Beginning with the line that contains "Saint Laurent Small", write out each remaining line of the records below exactly. Do not copy any picture.

Short text fragments from websites:
☆ ☆ ☆ ☆ ☆ ☆ ☆
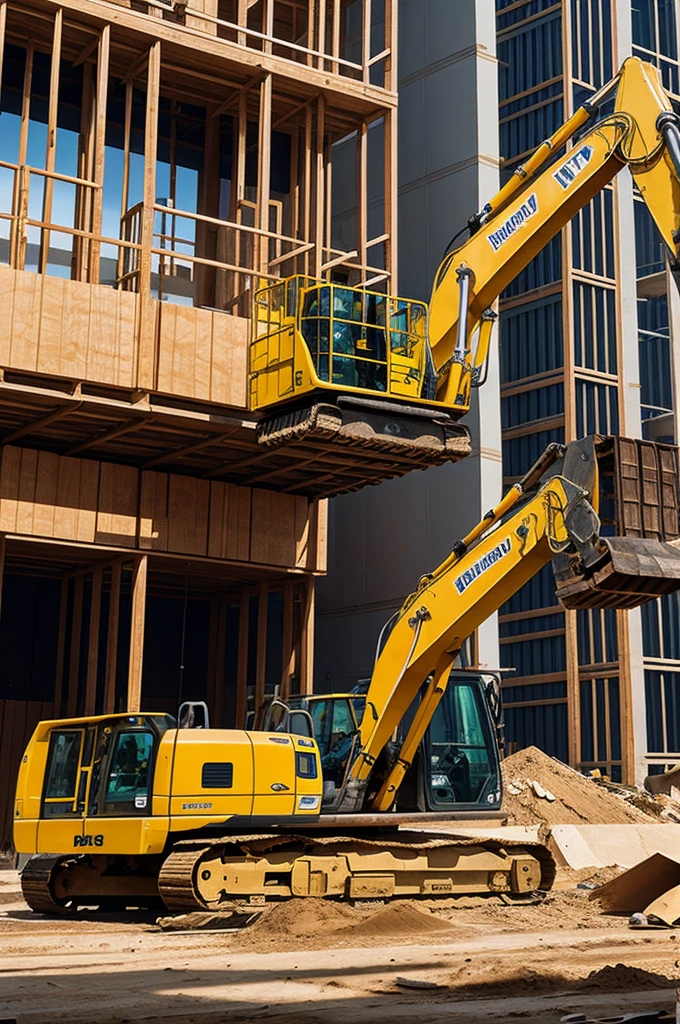 Logo of a construction company that has buildings and heavy machinery 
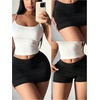 image:imageMakeMeChic Womens Plus Size Black Mini Skirts Summer Ruched High Waisted Sexy Bodycon Short SkirtsBlack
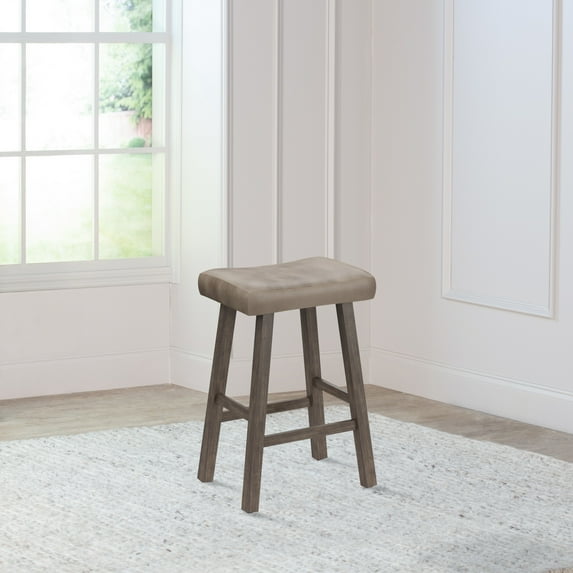 Hillsdale Furniture Upholstered Saddle Seat Backless Rustic Gray Wood Counter Height Stool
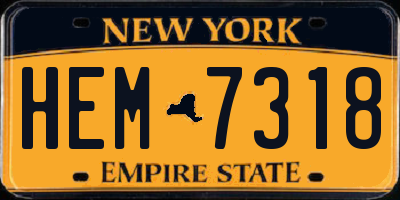 NY license plate HEM7318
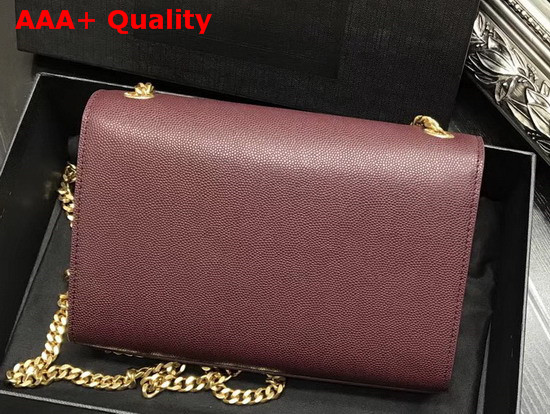 Saint Laurent Small Kate Chain Bag in Burgundy Grain De Poudre Textured Leather Replica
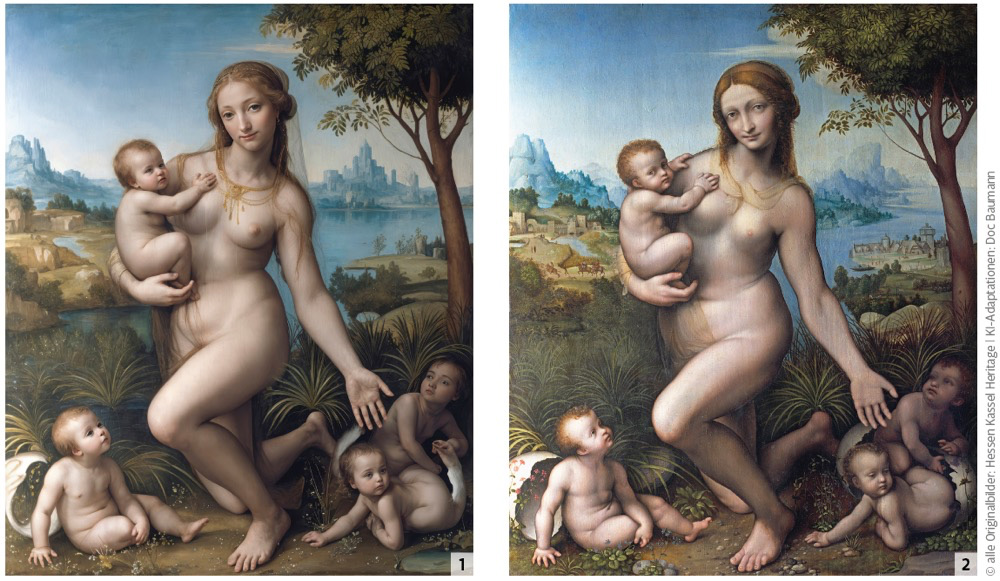 Eines dieser Bilder zeigt das Gemälde „Leda und ihre Kinder“, in den 1530er Jahren von Giovanni Pietro Rizzoli gemalt. Das andere wurde von Deep Dream Generator erzeugt, mit der Aufgabe, das hochgeladene Original leicht zu verändern. Doch welches ist das KI-Duplikat?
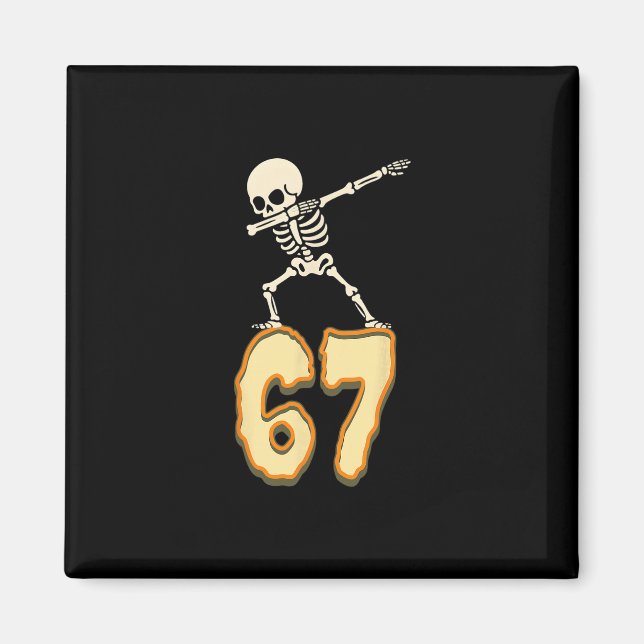 Imán 67 Meme de Halloween 6 7 Números Seis Siete Divert (Frente)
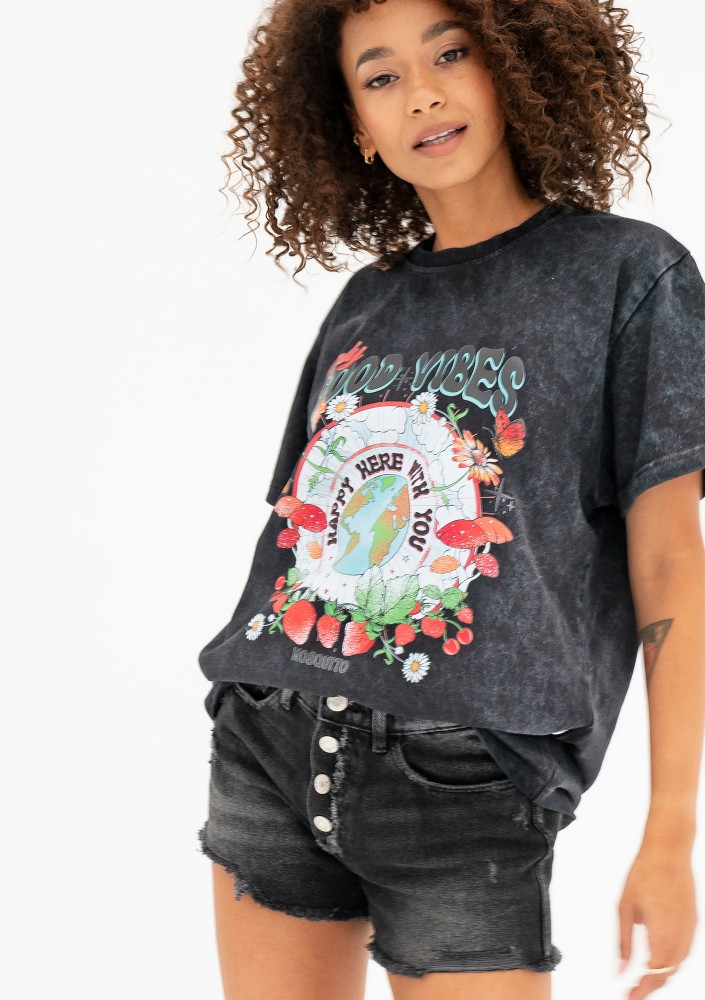 Rave - T-shirt damski vintage ,,Only Good Vibes"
☆ ☆ ☆ ☆ ☆ ☆ ☆
Task answer:
 Saint Laurent Small Kate Chain Bag in Burgundy Grain De Poudre Textured Leather Replica
 Eines dieser Bilder zeigt das Gemälde „Leda und ihre Kinder“, in den 1530er Jahren von Giovanni Pietro Rizzoli gemalt. Das andere wurde von Deep Dream Generator erzeugt, mit der Aufgabe, das hochgeladene Original leicht zu verändern. Doch welches ist das KI-Duplikat?
 Imán 67 Meme de Halloween 6 7 Números Seis Siete Divert (Frente)
 Rave - T-shirt damski vintage ,,Only Good Vibes"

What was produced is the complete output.